RECORDED INFORMATION:
......

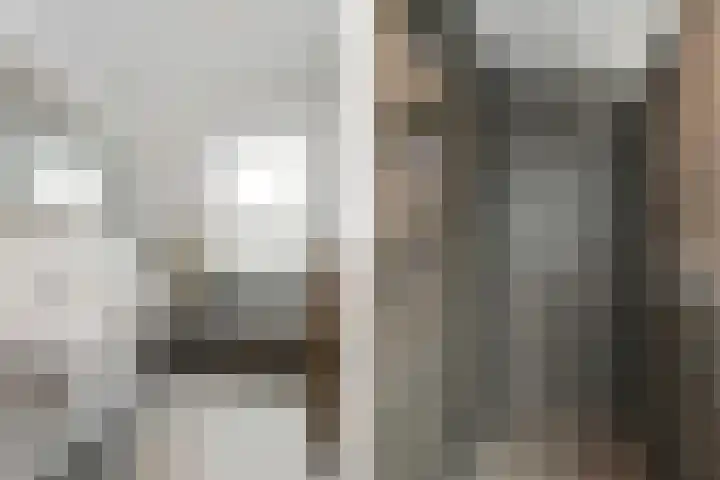 De Bleeck 11 Waalre thumbnail 24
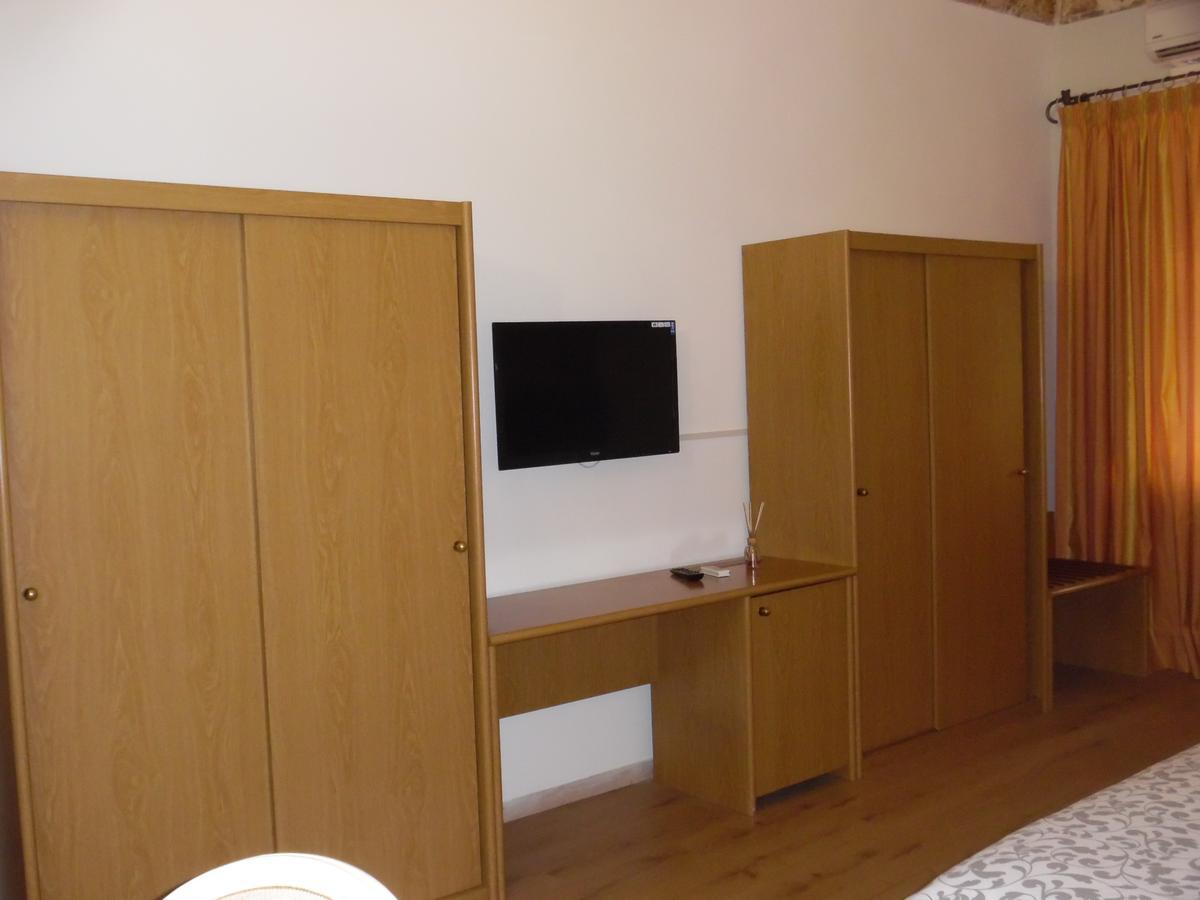 Albergo Livorno Кашана Терме Екстериор снимка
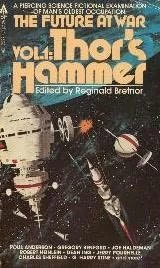 Thor's Hammer (The Future at War #1) by Reginald Bretnor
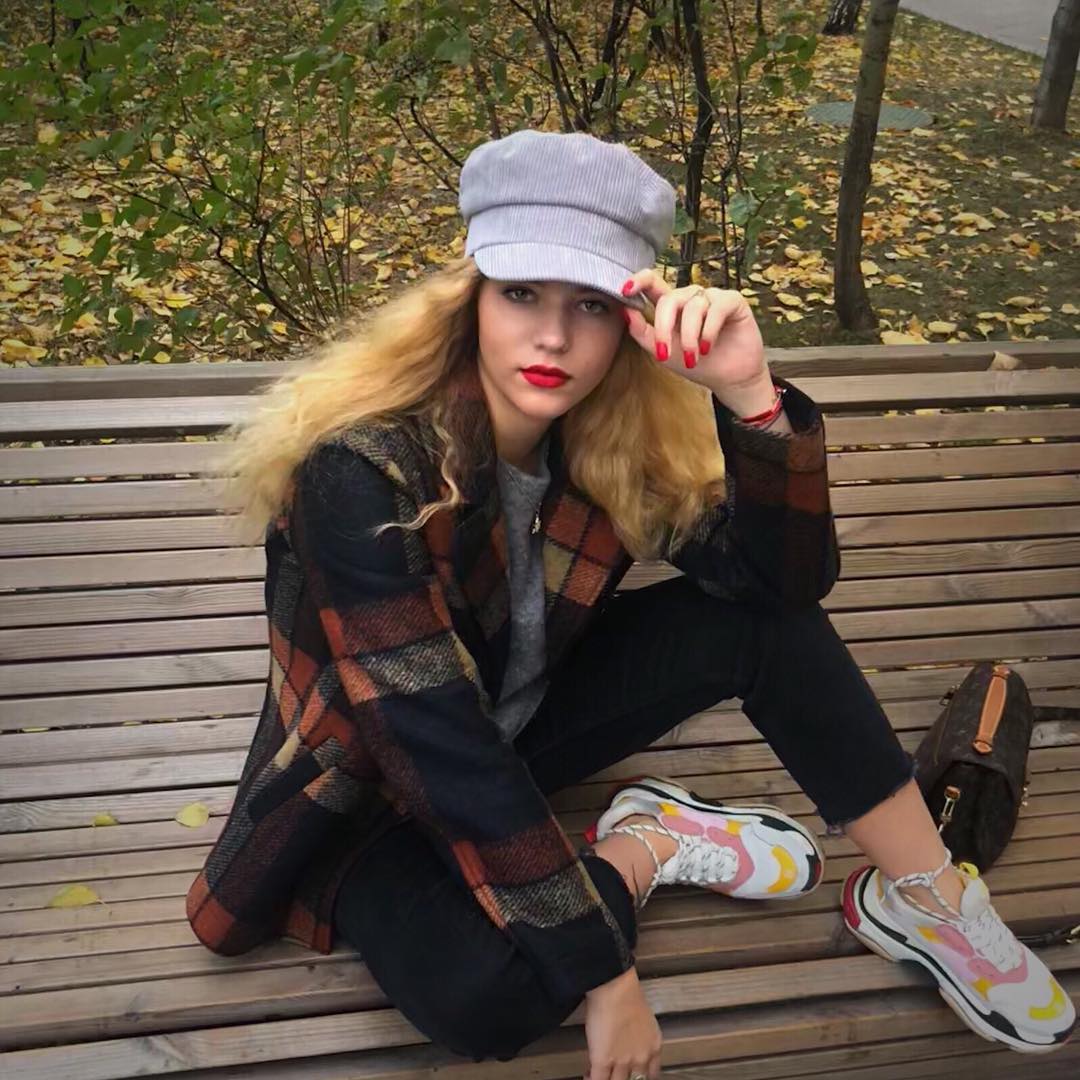 Дочь родила четверых, а сын женился на азиатке и отказался от наследства. Как сейчас живут наследники Иосифа Кобзона и их семьи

......

AIM OF THE TASK: Copy the data exactly. Any picture it contains is to be omitted.

SOLUTION TO THIS PROBLEM:
 De Bleeck 11 Waalre thumbnail 24
 Albergo Livorno Кашана Терме Екстериор снимка
 Thor's Hammer (The Future at War #1) by Reginald Bretnor
 Дочь родила четверых, а сын женился на азиатке и отказался от наследства. Как сейчас живут наследники Иосифа Кобзона и их семьи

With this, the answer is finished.